Taseko Announces Closing of US$23 Million Bought Deal; Over-Allotment Option Exercised In Full

November 17, 2020

November 17, 2020, Vancouver, BC – Taseko Mines Limited (TSX: TKO; NYSE American: TGB; LSE: TKO) (“Taseko” or the “Company”) announces that it has closed its previously announced bought deal offering, (the “Offering”). A total of 27,750,000 common shares of the Company were sold at the price of US$0.83 per Offered Share for gross proceeds of approximately US$23 million. The Offering was completed pursuant to an underwriting agreement dated November 11, 2020 among the Company and Cantor Fitzgerald Canada Corporation, as lead underwriter and sole bookrunner, and a syndicate of underwriters including Velocity Trade Capital Ltd., BMO Nesbitt Burns Inc., National Bank Financial Inc. and TD Securities Inc. (collectively, the “Underwriters”).

In addition, the Underwriters have exercised the over-allotment option in full, with closing expected to be completed on November 17, 2020.The Company will issue an additional 4,162,500 common shares for additional proceeds of approximately US$3.45 million.

The proceeds of the Offering are anticipated to be used to fund ongoing operating, engineering and project costs in connection with the advancement of the Company’s Florence Copper Project and for general corporate purposes and working capital.

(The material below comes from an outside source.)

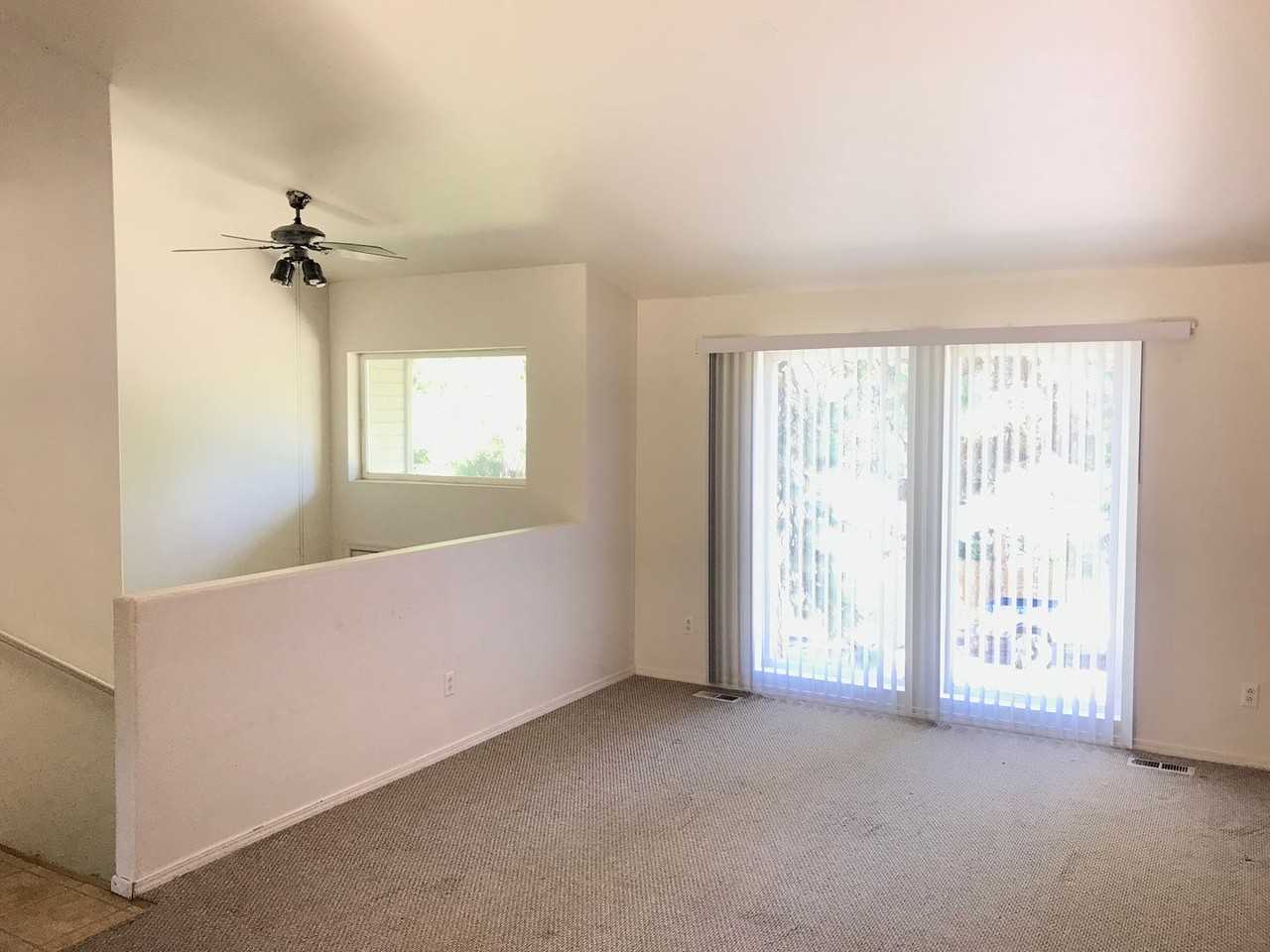 3908 E 7th Ave - Photo 2 of 7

The Offering was completed by way of a prospectus supplement (the “Prospectus Supplement”) to the Company’s existing Canadian base shelf prospectus (the “Base Shelf Prospectus”) and related U.S. registration statement on Form F-10 (SEC File No. 333-237948) (the “Registration Statement”).The U.S. form of Base Shelf Prospectus is included in the Registration Statement.This press release does not constitute an offer to sell or the solicitation of an offer to buy securities, nor will there be any sale of the securities in any jurisdiction in which such offer, solicitation or sale would be unlawful prior to the registration or qualification under the securities laws of any such jurisdiction. The securities being offered have not been approved or disapproved by any regulatory authority, nor has any such authority passed upon by the accuracy or adequacy of the Prospectus Supplement, the Base Shelf Prospectus or the Registration Statement.

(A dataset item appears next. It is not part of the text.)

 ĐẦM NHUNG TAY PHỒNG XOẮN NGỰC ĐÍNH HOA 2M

For further information on Taseko, please contact:

Brian Bergot, Vice President, Investor Relations - 778-373-4533 or toll free 1-877-441-4533

Russell Hallbauer

Chief Executive Officer and Director


This news release contains “forward-looking information” within the meaning of applicable Canadian securities legislation, and “forward-looking statements” within the meaning of the United States Private Securities Litigation Reform Act of 1995 (collectively referred to as “forward-looking information”). The use of any of the words “expect”, “plan”, “update” and similar expressions are intended to identify forward-looking information or statements. These statements include expectations about the use of proceeds of the Offering, the anticipated closing of the Over-Allotment Option and the advancement of the development of the Company’s Florence Copper Project. Though the Company believes the expectations expressed in its forward-looking statements are based on reasonable assumptions, such statements are subject to known and unknown risks, uncertainties and other factors that may cause the Company’s actual results, level of activity, performance or achievements to be materially different from those expressed or implied by such forward-looking statements. For further information on Taseko and the assumptions and risks related to Taseko’s business and forward looking statements, investors should review the Company’s annual information form, annual MD&A and audited financial statements filed by the Company under Canadian securities laws at www.sedar.com and included in the Company’s annual report on Form 40-F filed with the United States Securities and Exchange Commission at www.sec.gov, together with the Prospectus Supplement and other continuous disclosure filings made by the Company that have been filed at www.sedar.com and www.sec.gov and incorporated by reference into the Prospectus Supplement.

For readers in the European Economic Area and the United Kingdom

In any EEA Member State and the United Kingdom (each, a “Relevant State”), this communication is only addressed to and directed at qualified investors in that Relevant State within the meaning of the Prospectus Regulation. The term “Prospectus Regulation” means Regulation (EU) 2017/1129.

For readers in the United Kingdom

This communication, in so far as it constitutes an invitation or inducement to enter into investment activity (within the meaning of s21 Financial Services and Markets Act 2000 as amended) in connection with the securities which are the subject of the offering described in this press release or otherwise, is being directed only at (i) persons who are outside the United Kingdom; (ii) persons who have professional experience in matters relating to investments who fall within Article 19(5) (Investment professionals) of the Financial Services and Markets Act 2000 (Financial Promotion) Order 2005 (the “Order”); (iii) certain high net worth companies and persons who fall within Article 49(2)(a) to (d) (High net worth companies, unincorporated associations etc.) of the Order; and/or (iv) any other person to whom it may lawfully be communicated (all such persons in (i) to (iv) together being referred to as “relevant persons”). The Offered Shares are only available to, and any invitation, offer or agreement to subscribe, purchase or otherwise acquire such Offered Shares will be engaged in only with, relevant persons. Any person who is not a relevant person should not act or rely on this communication or any of its contents.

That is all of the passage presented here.